I am currently using FileMaker Pro 10 Advanced.
What is the new function in 12 that addresses this issue in the Windows environment?
With my current version, because I am using Windows with Internet Explorer (required by FileMaker), the data within the Web Viewer does not appear to be accessible. I tried to use the GetLayoutObjectAttribute with the "content" option to copy the contents to a text field but it does not appear to be working - no data is ever passed to the text field. I will double check that the web viewer is updated before the GetLayoutObjectAttribute function is called. I will insert a Pause function within the script to test this theory.
Thank you for your response Phil!
I had to look that one up. It's not quite what I thought.
It's a script step called: Insert From URL [Select; No dialog;; Resource URL]
And it doesn't specfically intended for xml data as the examples illustrate inserting other data such as a PDF from the website into a container field.
As far as I know, this all works the same in Mac or Windows. The web viewer does use the "Explorer web kit" on windows and the "safari web kit" on macs, but I would not expect that to make a difference here.
I've used GetLayoutObjectAttribute on windows machines to "scrape" data from a website myself--so I know it works, but don't know if there are ways that a web site to present the data so that it is not accessible in this way.
Can you copy data from the web viewer and paste it into a text field? I'm not suggesting this as a work around, but as a test to see if the data shown is accessible--if it's a bitmapped image of the data then you may be out of luck.
Thank you very much for your help! With your suggestions I have finally written a script that copies the data from the web viewer and pastes it into a text field. Now my next task is to parse the exact data and paste it into the target field.
Following is the section from the Web Viewer object that contains the ZPID that I am seeking to parse:
However, when I view the source code that is pasted into the text field, the code looks like this:
<SPAN class="m"><</SPAN><SPAN class="t">zpid</SPAN><SPAN class="m">></SPAN><SPAN class="tx">22267614</SPAN><SPAN class="m"></</SPAN><SPAN class="t">zpid</SPAN><SPAN class="m">></SPAN>
Therefore, I'm guessing that I will have to add some lines to the script that isolates the ZPID. Can you direct me to an easy solution for this?
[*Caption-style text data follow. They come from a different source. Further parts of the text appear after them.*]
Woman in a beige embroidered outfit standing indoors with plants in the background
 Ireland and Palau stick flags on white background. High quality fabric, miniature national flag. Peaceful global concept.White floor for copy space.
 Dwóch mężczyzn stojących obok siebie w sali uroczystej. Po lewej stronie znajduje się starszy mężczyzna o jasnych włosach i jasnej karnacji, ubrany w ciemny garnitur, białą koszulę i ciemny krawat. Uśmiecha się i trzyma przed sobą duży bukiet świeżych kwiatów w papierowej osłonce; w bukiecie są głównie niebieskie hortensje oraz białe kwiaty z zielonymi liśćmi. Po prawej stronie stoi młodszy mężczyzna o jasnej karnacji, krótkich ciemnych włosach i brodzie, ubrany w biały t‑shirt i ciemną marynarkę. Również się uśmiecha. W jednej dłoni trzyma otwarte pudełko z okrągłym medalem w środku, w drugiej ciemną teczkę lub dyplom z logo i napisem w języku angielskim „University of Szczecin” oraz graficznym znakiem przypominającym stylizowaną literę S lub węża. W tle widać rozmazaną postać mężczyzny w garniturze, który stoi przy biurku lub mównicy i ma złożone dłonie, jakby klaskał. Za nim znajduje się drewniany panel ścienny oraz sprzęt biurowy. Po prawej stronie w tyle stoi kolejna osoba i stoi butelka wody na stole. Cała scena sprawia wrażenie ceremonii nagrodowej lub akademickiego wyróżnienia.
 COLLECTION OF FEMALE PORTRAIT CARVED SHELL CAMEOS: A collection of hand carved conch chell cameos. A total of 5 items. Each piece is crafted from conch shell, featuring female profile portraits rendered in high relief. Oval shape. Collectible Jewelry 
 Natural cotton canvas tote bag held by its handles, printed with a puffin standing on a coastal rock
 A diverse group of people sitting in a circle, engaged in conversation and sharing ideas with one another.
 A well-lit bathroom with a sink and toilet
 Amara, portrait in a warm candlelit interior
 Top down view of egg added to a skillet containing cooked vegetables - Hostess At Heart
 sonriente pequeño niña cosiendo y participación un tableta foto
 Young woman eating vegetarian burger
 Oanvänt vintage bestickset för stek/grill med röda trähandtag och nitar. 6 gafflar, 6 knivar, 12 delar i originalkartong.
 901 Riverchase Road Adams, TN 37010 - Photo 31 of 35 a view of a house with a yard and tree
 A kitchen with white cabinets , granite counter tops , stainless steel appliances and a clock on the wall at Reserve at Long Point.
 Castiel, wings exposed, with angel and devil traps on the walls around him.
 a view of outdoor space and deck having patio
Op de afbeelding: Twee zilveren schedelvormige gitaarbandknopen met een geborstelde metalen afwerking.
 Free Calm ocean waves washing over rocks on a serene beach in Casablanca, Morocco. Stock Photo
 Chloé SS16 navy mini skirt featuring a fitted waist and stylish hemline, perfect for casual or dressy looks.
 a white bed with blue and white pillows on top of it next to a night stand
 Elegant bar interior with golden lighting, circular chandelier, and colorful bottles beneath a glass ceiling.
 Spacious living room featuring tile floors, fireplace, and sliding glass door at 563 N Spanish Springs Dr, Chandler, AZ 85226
Isolating data from such a morass of html tags is quite a challenge and you are at the mercy of the web page designers/managers. If they change the format output to their webpage, your calculation could no longer work.
In this case, the only numerical data is the zipid value: 22267614
If that's truly the only digits in the text you are scraping from the web page, then GetAsNumber ( TextField) will extract the number and ignore all other data.
Filter ( TextField ; 9876543210 )
would also work.
Again, thank you very much for your help! I have successfully completed the script to retrieve the data from Zillow, parse the property id from the the data, and post it to the proper field!!
As you stated, the script step that worked for me is as follows:
GetAsNumber ( ParseData ( GetLayoutObjectAttribute ( "ZillowWebViewer" ; "content" ) ; "ZPID" ; "ZPID" ; 1 ))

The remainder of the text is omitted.